Nous avons également été récemment destinataire de plusieurs plaintes, principalement de certains de nos salariés, concernant votre comportement inadmissible à leur égard. Notamment, le 4 mars dernier, l’une de nos salariés Infirmières nous a relaté rencontrer des problèmes dans ses relations professionnelles avec vous, sur fond d’agressivité permanente, nous indiquant que la répétition de ces évènements indésirables finissait par faire régner une ambiance délétère, raison pour laquelle elle tenait à nous en faire part à présent. Notamment, elle fait état de brimades et reproches concernant certaines erreurs de manière fort agressive, ayant même raccroché sans répondre à la réponse de votre collègue. Elle fait également état de menaces et propos totalement intolérables vis-à-vis de certains de nos salariés. Il ressort ainsi de sa plainte que : « N-Z a conclu en proférant des menaces visant « la balance » qui avait été dire à Monsieur X qu’il avait quitté son poste avant la fin officielle de son temps de travail. Il m’a dit que dès qu’il saurait de qui il s’agit, il irait lui « éclater la tête » même si c’était une femme. Je lui ai demandé si j’étais visée (n’étant même pas présente ce jour) il m’a répondu qu’il n’en savait rien mais que si c’était moi la menace tenait toujours.

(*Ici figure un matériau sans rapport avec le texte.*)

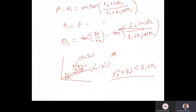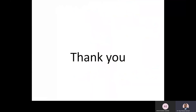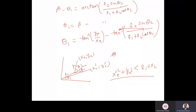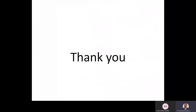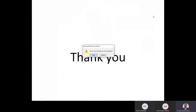So we have calculated both theta one and theta two — that is the complete solution for the two-link manipulator. I will stop here today. I will also provide the MATLAB solution as well as a Python solution, which we will check later. The next lecture will start with the three-link manipulator. Thank you.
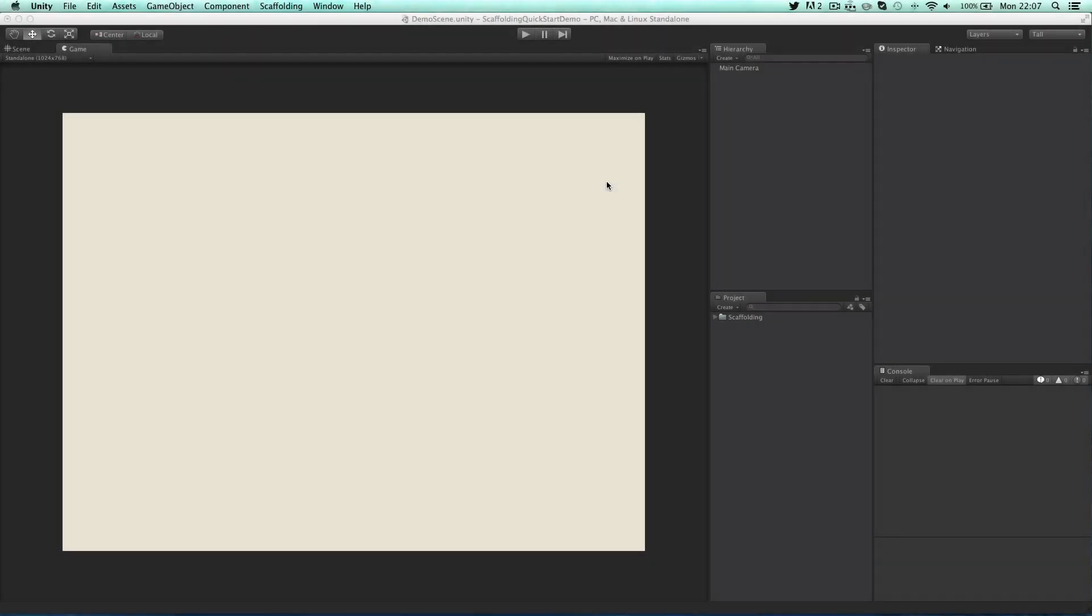In this video I will be showing you how to quickly set up scaffolding and create a basic flow. First of all you'll need to import the scaffolding package into your Unity project.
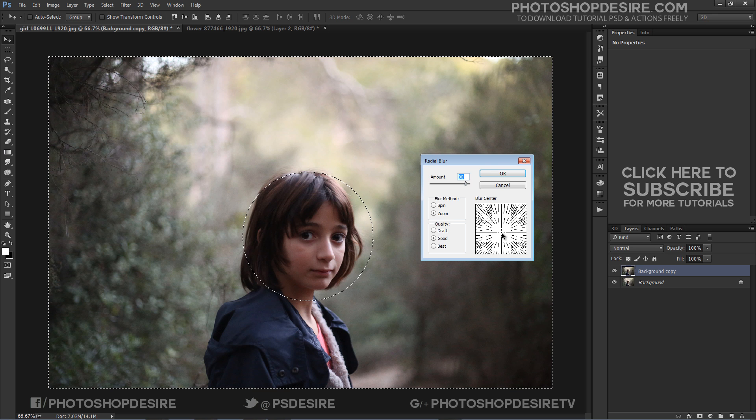Photoshop doesn't provide us with a preview for this filter. For now, I will set the amount value to 90 and click OK.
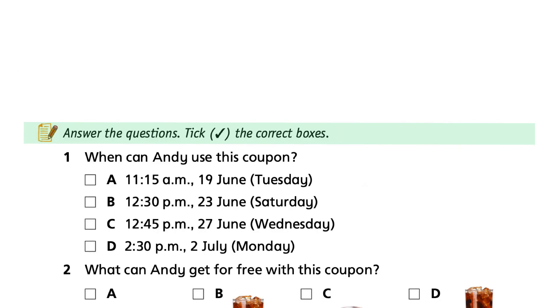Now, look at the test type task. Answer the questions. Tick the correct boxes.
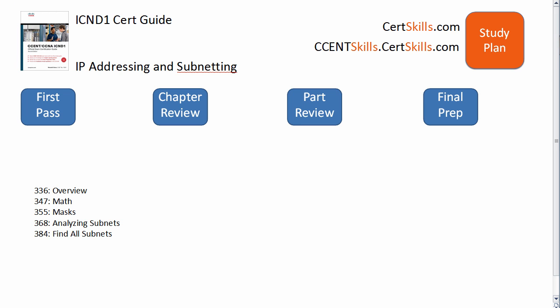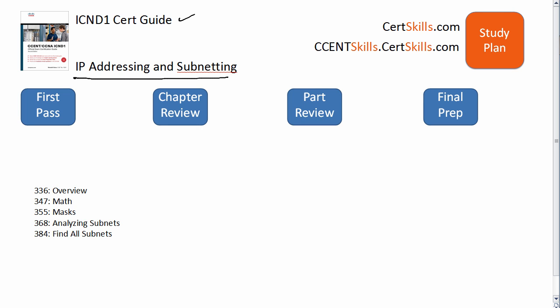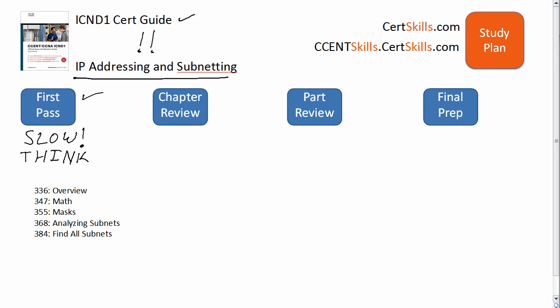Hi, this is Wendell Odom and welcome to the study plan for the ICND1 book chapter on IP addressing and subnetting. Know that I'm telling you what to focus on, but everything in the chapter is fair game on the test. This is an important chapter, so during your first pass take your time, go slow. If you're not getting it, look around, go to my blog on the right-hand part of the screen and post a question, or go to Cisco Learning Network and post a question.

Vous admettrez que de tels propos et menaces vis-à-vis de l’un ou l’autre de nos salariés, de nature à faire régner la terreur sont inacceptables, pouvant être assimilables à de la violence verbale, voire à du harcèlement moral si ce type de comportement se répète.

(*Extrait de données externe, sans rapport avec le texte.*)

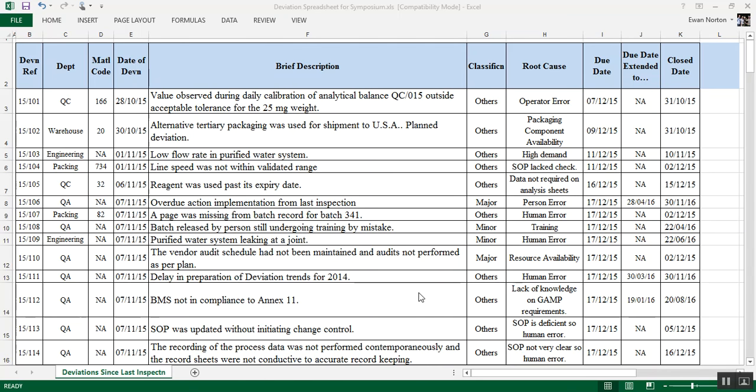Okay, so you've already had a look at this paper copy of the deviation list. When I go on inspections, I would typically obtain an electronic copy from the company. They're very easy to come by. It's easy for a company with an electronic system to extract that information in an Excel spreadsheet. And on a small company, people typically use Excel spreadsheets anyway to keep track of things.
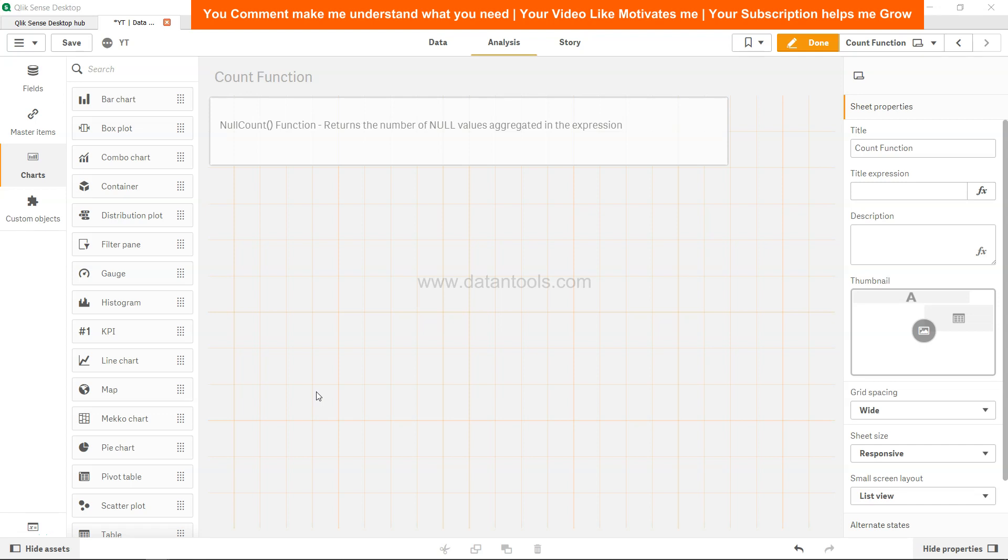Hello there, welcome back to the next Qlik Sense tutorial video. In this video we will look at Qlik Sense null count function. Many times in our dataset, null values are present. In that case, we need to make sure if there is a need to count the null values or to understand how many null values are present.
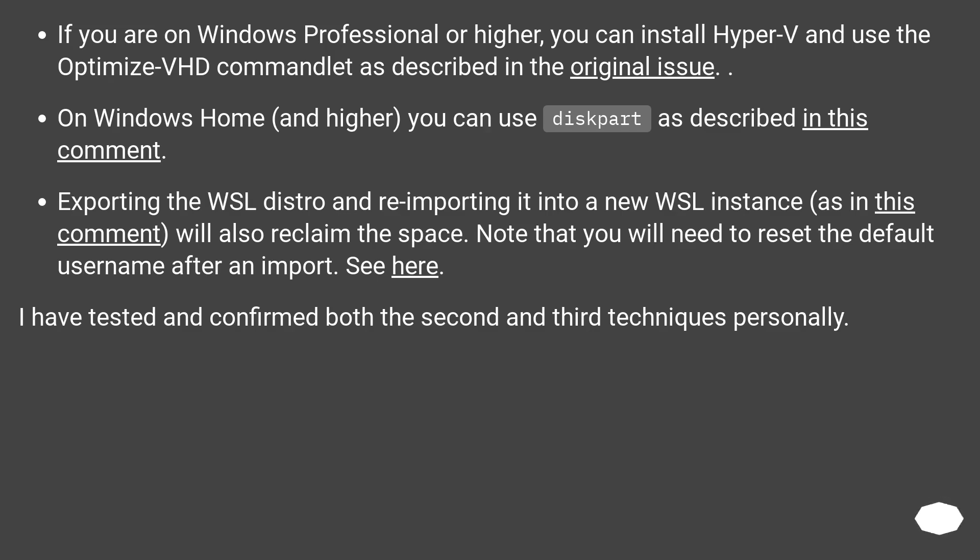Exporting the WSL distro and re-importing it into a new WSL instance, as in this comment, will also reclaim the space. Note that you will need to reset the default username after an import. See here.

Puis, le 8 mars dernier, notre Agent d’entretien/livreur en portage repas s’est plaint auprès de nous du fait que le 23 février dernier, vous l’aviez accusé d’avoir dénoncé certains de ses agissements auprès de la Direction (ayant donné lieu à l’avertissement du 3 mars dernier), d’une manière extrêmement agressive, le traitant de « balance » et lui demandant de ne plus lui adresser la parole dorénavant. Notre Maîtresse de maison nous a confirmé ces propos inadéquats. Il nous a précisé avoir tenté de régler seul la situation, mais voyant que cela ne s’améliorait pas, il s’est vu contraint de nous en parler puisque ce comportement perturbe le bon déroulement du portage de repas et l’ambiance de travail.

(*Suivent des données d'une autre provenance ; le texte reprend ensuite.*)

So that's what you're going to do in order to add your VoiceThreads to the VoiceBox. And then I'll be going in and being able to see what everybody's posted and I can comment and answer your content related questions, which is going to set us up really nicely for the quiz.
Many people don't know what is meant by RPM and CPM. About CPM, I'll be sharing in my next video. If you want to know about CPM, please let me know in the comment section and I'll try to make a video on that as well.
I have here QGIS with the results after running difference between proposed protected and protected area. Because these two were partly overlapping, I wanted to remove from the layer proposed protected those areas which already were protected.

Par ailleurs, le 11 mars dernier, une autre de nos salariées nous a signalé avoir toujours peur de vous craignant que vous vous emportiez, ou deveniez violent en paroles ou en actes. Elle nous relatait en venir à devoir annuler certains ateliers pour éviter d’avoir à faire à vous et ainsi éviter tout conflit potentiel, mettant ainsi des freins au bon exercice de son travail.
D’autre part, nous avons reçu le 15 mars dernier un courrier de l’une de nos salariés à laquelle vous faites régulièrement des remarques désobligeantes, pouvant même être assimilées à du harcèlement sexuel. Celle-ci vient de porter à notre connaissance que vous l’appelleriez notamment pas par son prénom, mais en l’appelant « tétons », « gros seins », « mes poumons » ; etc. Pire, elle nous relate que vous lui auriez dit « ça doit être confortable entre tes seins » ou « voilà quelqu’un dont je ferais bien mon dessert » en parlant d’elle.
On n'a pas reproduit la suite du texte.